Marco Gentili per l'Associazione Coscioni

26/05/16 Intervento 7° Memorial Luca Coscioni

7° Memorial Luca Coscioni

Tornare ad Orvieto, a circa 100 chilometri dal mio paese, nel ricordo di Luca Coscioni, giovane ricercatore universitario malato di Sla e ad una settimana esatta dalla morte del nostro Marco Pannella, è una grande emozione che guarda nel futuro dell’innovazione e della ricerca scientifica.
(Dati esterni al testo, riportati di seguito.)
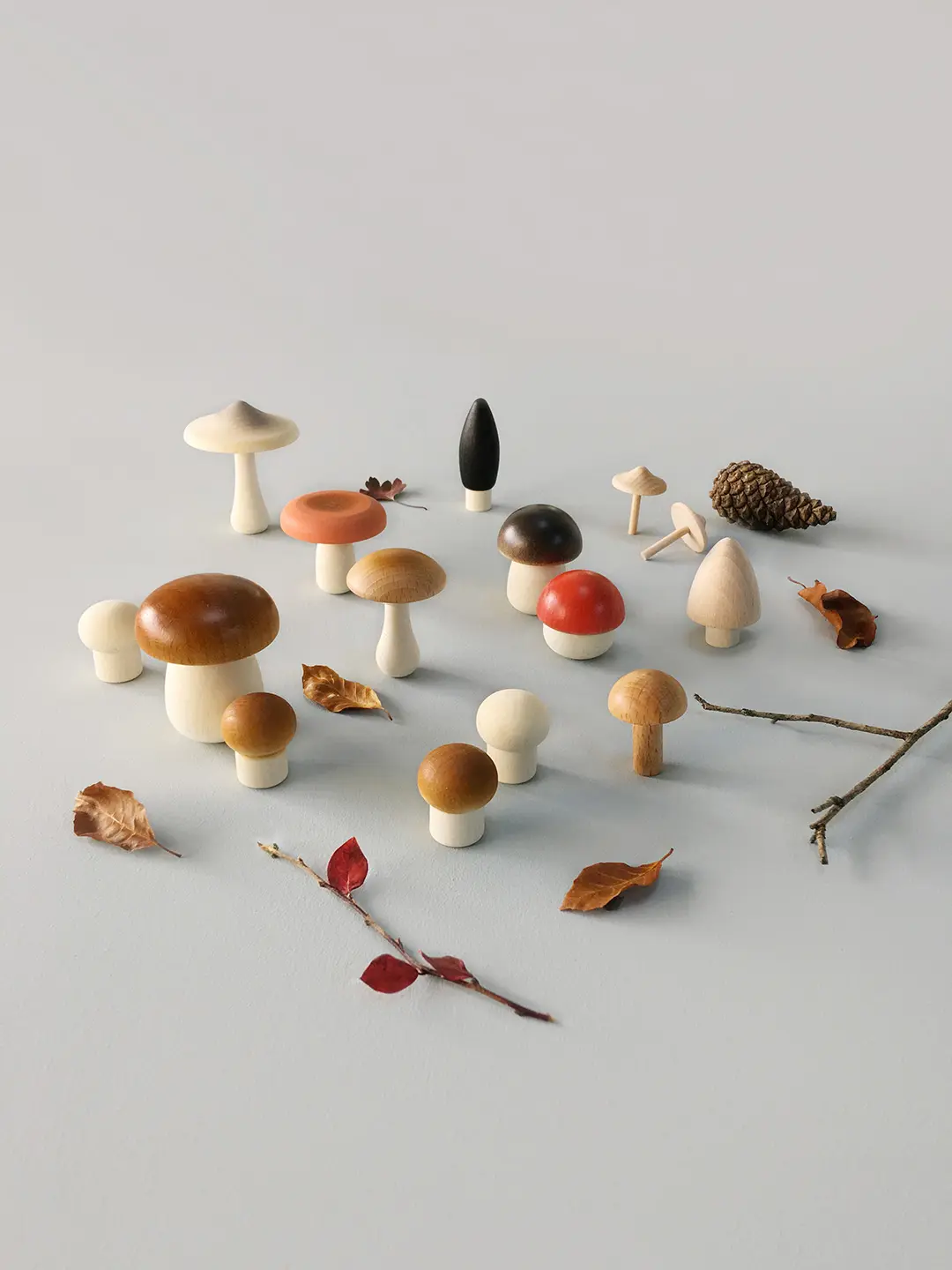 Forest Mushrooms in a Box by Moon Picnic - Image 7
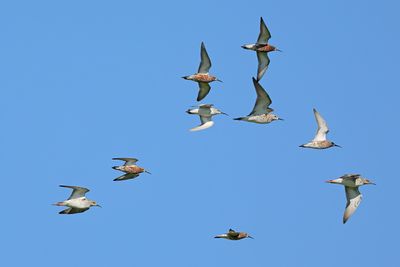 Gallery mixed Bird groups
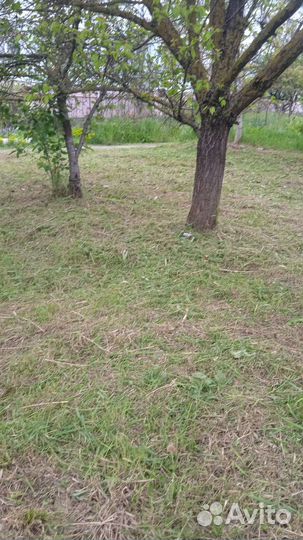 Сад, благоустройство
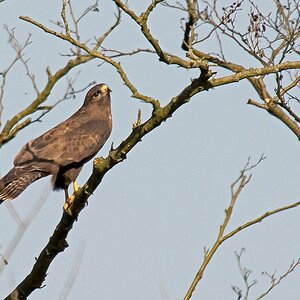 D71 5242 Bussard auf Baum II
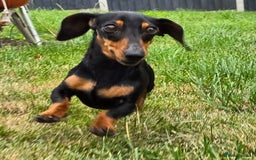 Miniature Dachshund dogs for sale: Loving, Happy Girl looking for loving home  - Image 4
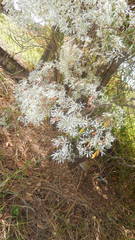 Euphorbia leucocephala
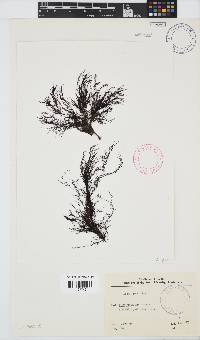 Hypnea ecklonii image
Due grandi uomini che nella loro vita hanno percorso strade intense e piene di insidie ma che lasciano a noi la staffetta nel ripercorrerla, passo dopo passo, senza mai lasciarci sopraffare dall’impossibilità e dal pensiero del non raggiungere i nostri obiettivi, ma anzi, dandoci sempre più forza e vigore nel credere nei nostri ideali, i quali ci hanno permesso di ritrovarci oggi tutti insieme a celebrare questo ennesimo Memorial.

Sono persone che si sono contraddistinte per la loro eccellenza morale ed intellettuale, continuando a pagare il prezzo della negazione di conoscenza, che ha consentito a leggi oscurantiste di sopravvivere fino ad oggi.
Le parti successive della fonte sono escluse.